Besides colour, contours represent another important aspect of Liao Chi Chun's work. Combining the techniques of colour application and brush strokes, as seen in the schools of Fauvism and Post-Impressionism, he created a conglomeration of colorful blocks which push and pull against one another. The masses of rocks and mountains are revealed by the interaction between the contours and colour blocks. At this point, Liao abandoned realistic description, and painted the outlines of his subjects with thick, unrestrained strokes, moving the brush in only one direction. Rocks, mountains, ocean waves, and clouds were simplified into basic dots, lines, and colour blocks. This is very similar to Paul Cézanne's method of first deconstructing the form of a subject, transforming it into geometric forms, and then reassembling them to produce a composition focusing on the matching effect of lines and colours. However, the outlines in Liao's paintings are not as fragmental and obscure as those of Paul Cézanne. Painted in response to the painter's subjective conscious, some elements of objective reality still remain.

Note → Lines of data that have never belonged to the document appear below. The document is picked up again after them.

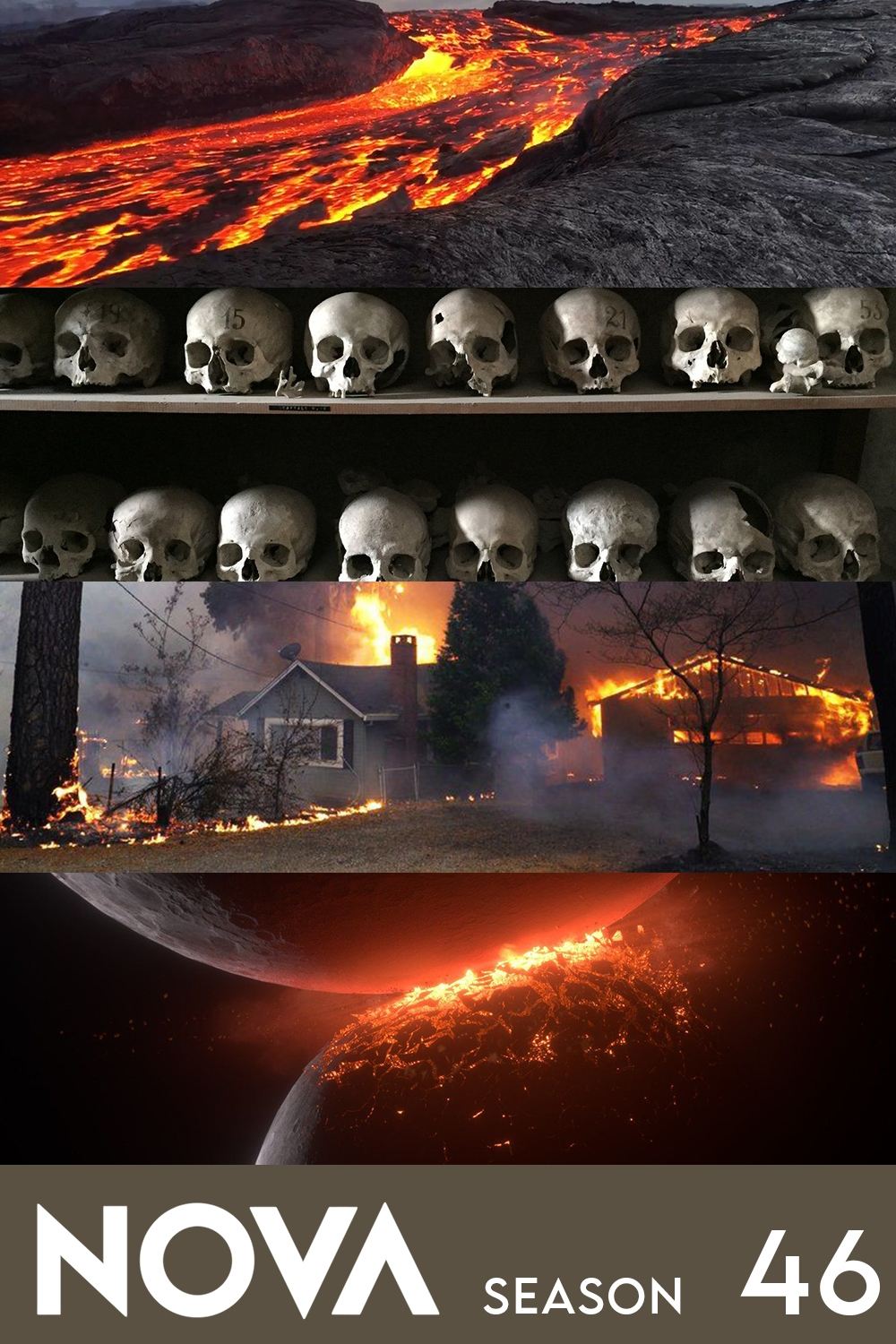 Poster de Temporada 46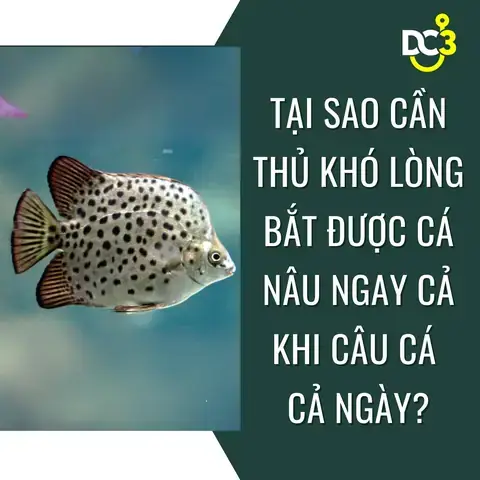 Cách Câu Cá Nâu Cách Câu Cá Nâu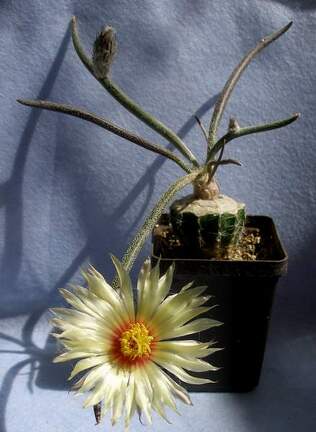 Digitostigma caput-medusae1  Lira FG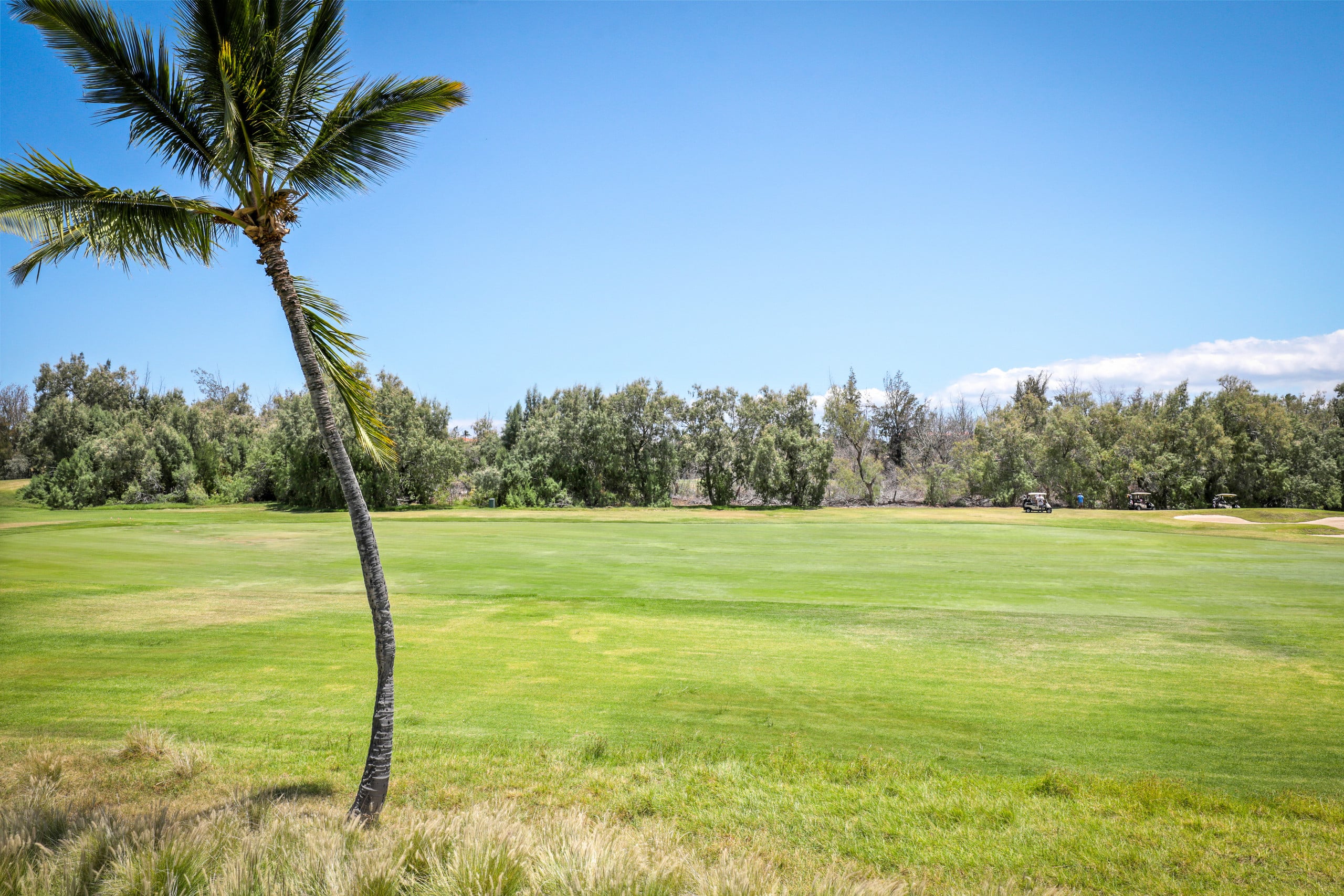 Fairway Villas Waikoloa Golf View 2BD/2BA - Image 39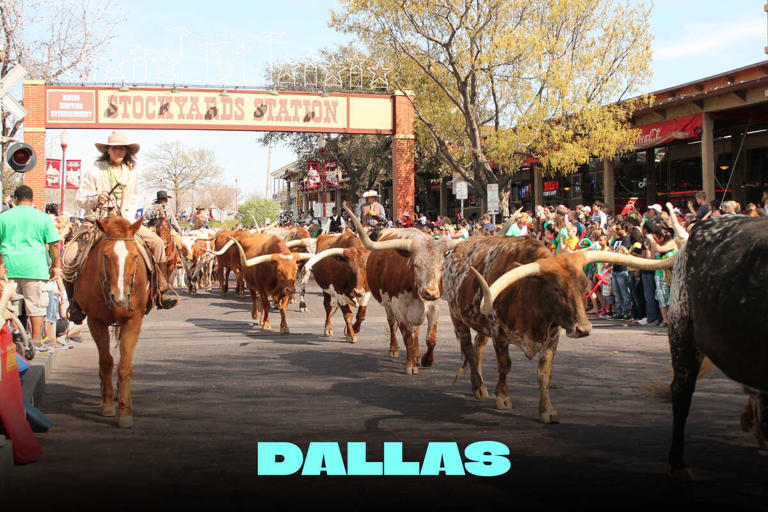 The 16 All-Time Greatest Things to Do in Dallas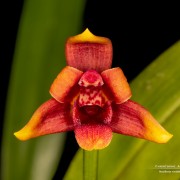 Maxillaria variabilis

When the abundance of colours reaches a certain degree, the shapes of objects are naturally revealed. Liao Chi Chun utilised vigorous colours to create contrast, thereby enhancing and reinforcing the physical mass of objects. While arranging contours into form, he did not ignore how pleasing forms can be to the eye. He did not paint his impression of scenery as perceived at a certain point in time. On the contrary, he added his personal feelings as he objectively observed a scene, carefully processing in his mind what he had seen and reflected on. Next, he reassembled the images and expressed them in accord with his personal taste. This is a type of figurative painting where the work is infused with subjective feelings rather than being a pure representation of nature. In Northeast Coast, the technique of colour application, brush strokes, and the composition arrangement, are fairly mature. The forms, colours, and contours in the composition are tightly linked. At first glance, they may appear wild and unrestrained, but closer observation reveals they in fact mutually complement each other. Liao's art has transformed the natural subjects of the outside world into an internally derived aesthetic experience, showing viewers the Taiwan scenery as he perceived it. His use of paint brush allowed him to create a flamboyant symphony of colours.